Let xyz be an orthonormal reference, shown in FIG. 1, centered at the point M where one wishes to conduct the measurement, and where y is parallel to the axis of the conductor 1 (and situated in plane yMz). The z axis is colinear to the radius perpendicular to the conductor passing through M and x is tangent to the circle C passing through M whereof the axis is the conductor. The field H created by the current i circulating in the conductor 1 is then oriented along the axis x and the gradient of Hx is oriented on the axis z. Measuring the gradient of the field Hx created by the current i (which drops with 1/r2 as a function of the distance r from the conductor 1), or higher-order derivatives (which drop even more quickly as a function of r), makes it possible to go back up to the current i. This technique makes it possible to better do away, in a noisy environment, for example an electric cabinet, with external disruptions, which allows direct measurement of the field Hx (which is dropping, but only with 1/r). Measuring a current i1 in a conductor C1, in the presence of (disrupting) conductors C2, C3, . . . Cn, which are also passed through by currents i2, i3, . . . in, is thus made easier, due to the measurement of the gradient of the component Hx of the field H (or a derivative of an order higher than 1 of the same component) created by said conductor, at a short distance therefrom, than direct measurement of the field Hx. A configuration is thus sought in which the contributions to the measured size, caused by the disrupting conductors, are extremely low, while that caused by the main conductor C1 is as strong as possible.
The implementation of this technique poses several problems.
To maximize the signal, it is advantageous to position the sensors (N sensors for an N−1 order derivative) very close to the conductors where one wishes to perform the measurement. The problem then arises of reducing the distances separating these sensors from the conductor 1, as well as the distances separating the sensors from each other, as much as possible.
Thus, to effectively and precisely measure the current, it is advisable to perform the measurement at points situated as close as possible to the conductor 1, at distance r from the center thereof. It would also be advisable, to precisely measure the derivatives of the field, for the distances between sensors to be smaller than r and, if possible, small in view of r.
One solution would be to miniaturize the sensors. But if the sensors are miniaturized, their environment (and in particular their packaging) could impose minimal dimensional constraints, which can sometimes be bothersome, as in the configuration of FIG. 5 described in document U.S. Pat. No. 6,154,023.
It is therefore difficult, in certain cases, to reduce the distance d between the different sensors.
It would also be advantageous to be able to use, for this type of measurement, very directional sensors, such as micro fluxgates, or magneto-impedances, or magneto-resistances with flux guides. Yet the magnetic circuits of these sensors disrupt each other when the sensors are brought too close, resulting in a less precise measurement.

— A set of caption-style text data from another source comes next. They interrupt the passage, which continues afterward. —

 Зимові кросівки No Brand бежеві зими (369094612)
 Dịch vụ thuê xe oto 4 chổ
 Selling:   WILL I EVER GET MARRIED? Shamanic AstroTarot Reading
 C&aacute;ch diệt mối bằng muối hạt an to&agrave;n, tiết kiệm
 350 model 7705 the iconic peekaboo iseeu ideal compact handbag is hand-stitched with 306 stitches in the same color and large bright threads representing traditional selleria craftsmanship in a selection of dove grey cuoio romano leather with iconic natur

Precise measurement of the gradient also demands sensors whereof the positions in relation to each other are very well known. Moreover, if they are very directional (which is advantageous to perform a non-noisy measurement), they must be parallel to each other, which is very delicate to achieve with discrete sensors, in particular when they are miniaturized.

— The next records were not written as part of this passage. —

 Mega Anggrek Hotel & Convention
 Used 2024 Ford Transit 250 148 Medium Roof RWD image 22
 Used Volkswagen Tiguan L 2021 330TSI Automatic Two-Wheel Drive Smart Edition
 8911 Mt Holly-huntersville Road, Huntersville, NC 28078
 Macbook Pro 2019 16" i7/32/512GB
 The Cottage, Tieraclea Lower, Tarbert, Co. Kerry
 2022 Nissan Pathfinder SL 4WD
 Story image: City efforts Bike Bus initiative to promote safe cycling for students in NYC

Another problem arises during use of a gradient sensor in an industrial environment. In this context it may sometimes be necessary to use the sensor inside a magnetic shielding, which, although it has the advantage of reducing disrupting fields, also has the drawback of creating a relatively significant field gradient in its immediate vicinity. The problem then arises of having a gradient sensor small enough to avoid one of the elementary sensors making it up being too close to the shielding, which could disrupt the measurement.
The problem also arises of being able to have a sensor structure that can be made in collective technology, for example with machines of the types used in microelectronics or micro- or nano-technologies.